* Your task:
Transcribe all records below exactly, without images.
[[ Supplied data, beginning ]]
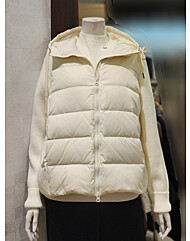 [벨라디터치] V9E3DN23 니트소매 후드넥 경령패딩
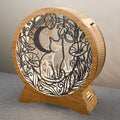 Moon Cat Layered Mandala SVG, Multilayer Laser Cut File, Cat Lover 3D Light Box Template, Glowforge Cricut Digital Download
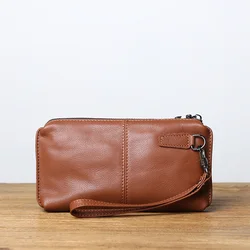 Men's Genuine Leather Retro Casual Wallet - Soft Cowhide with Large Capacity and Zippered Phone Compartment (Brownish Yellow)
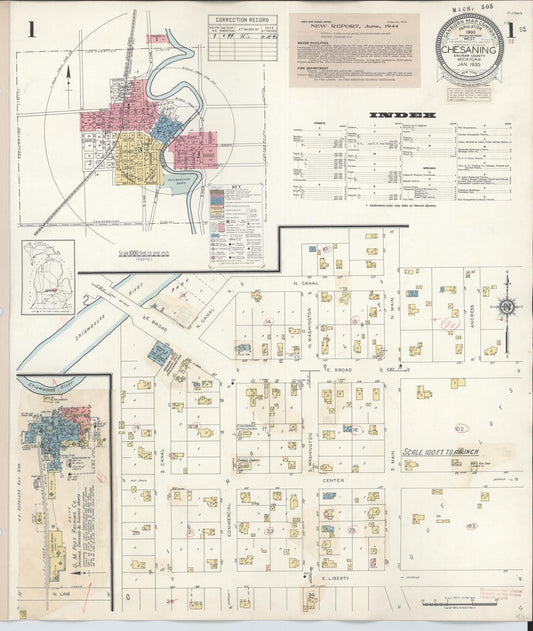 Sanborn Fire Insurance Map from Chesaning, Saginaw County, Michigan (1944), Sheet #0001 - Complete Map Set gallery image, historic Sanborn map, vintage wall art, Michigan Michigan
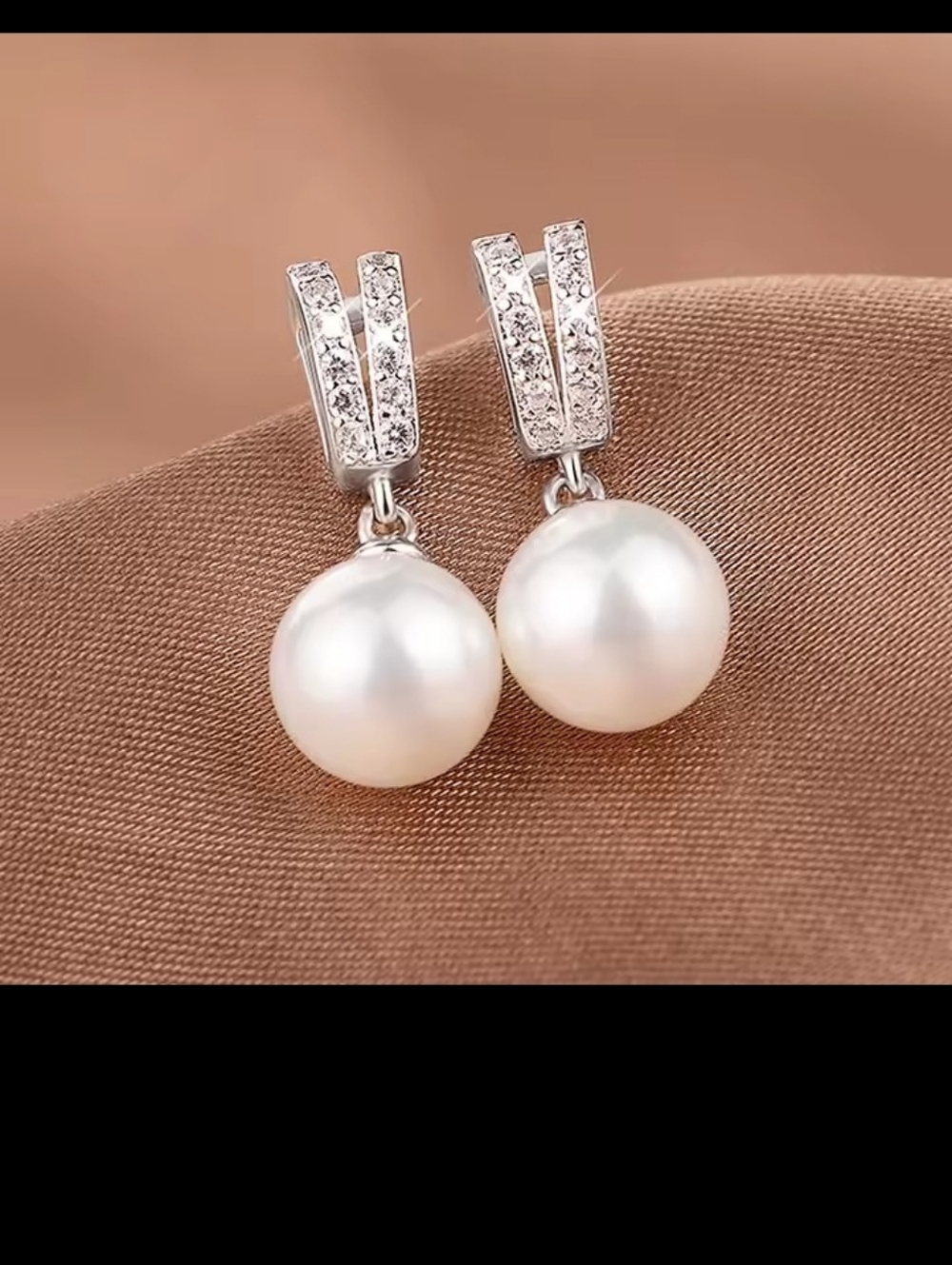 Pearl Earrings Women's Rhinestone Dangle New G5 Jewelry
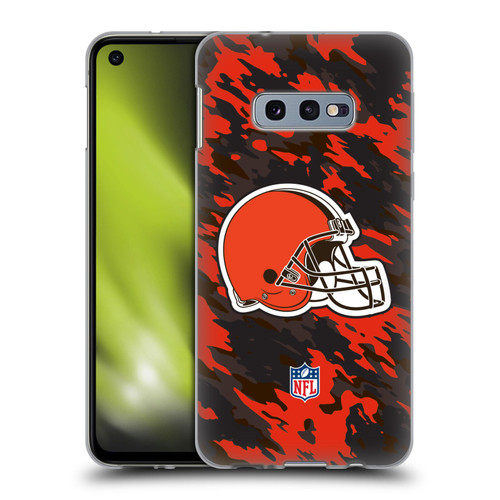 NFL Cleveland Browns Logo Camou Soft Gel Case for Samsung Galaxy S10e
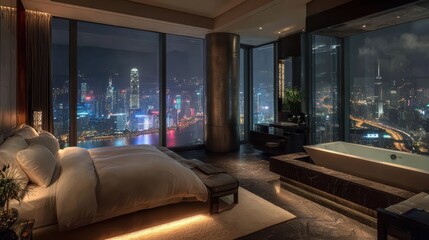 Luxury hotel room with city view at night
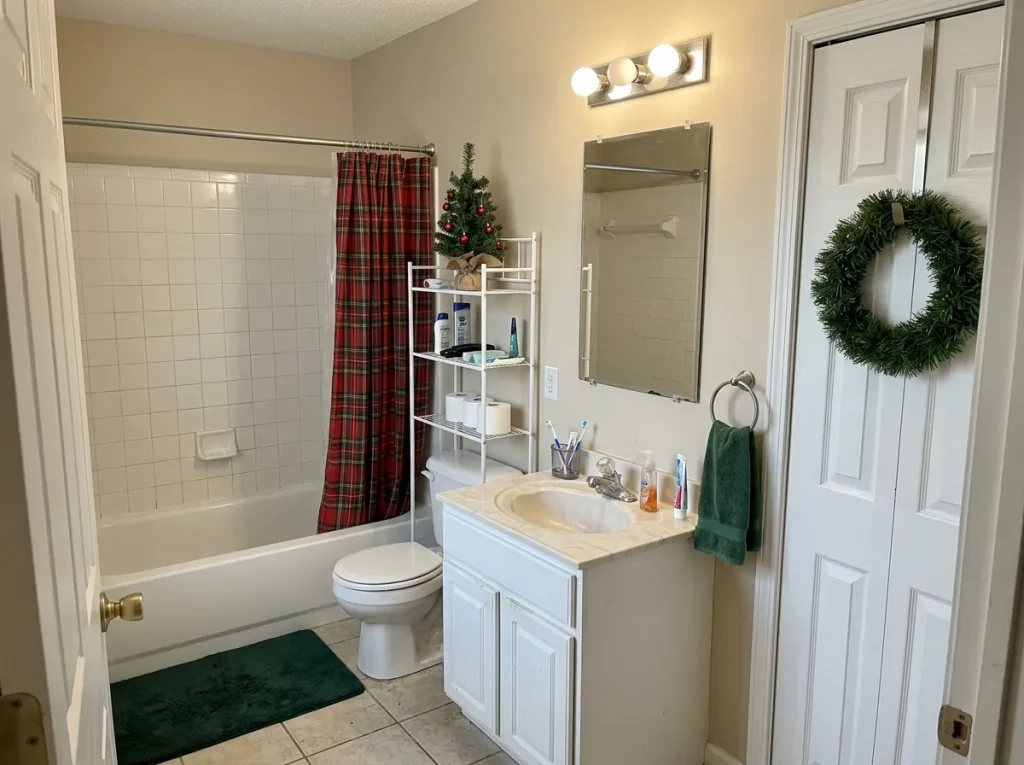 Small rental bathroom decorated with a plaid shower curtain, Christmas towels, and removable holiday accessories.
[[ Supplied data, end ]]
* Solution to the problem:
 [벨라디터치] V9E3DN23 니트소매 후드넥 경령패딩
 Moon Cat Layered Mandala SVG, Multilayer Laser Cut File, Cat Lover 3D Light Box Template, Glowforge Cricut Digital Download
 Men's Genuine Leather Retro Casual Wallet - Soft Cowhide with Large Capacity and Zippered Phone Compartment (Brownish Yellow)
 Sanborn Fire Insurance Map from Chesaning, Saginaw County, Michigan (1944), Sheet #0001 - Complete Map Set gallery image, historic Sanborn map, vintage wall art, Michigan Michigan
 Pearl Earrings Women's Rhinestone Dangle New G5 Jewelry
 NFL Cleveland Browns Logo Camou Soft Gel Case for Samsung Galaxy S10e
 Luxury hotel room with city view at night
 Small rental bathroom decorated with a plaid shower curtain, Christmas towels, and removable holiday accessories.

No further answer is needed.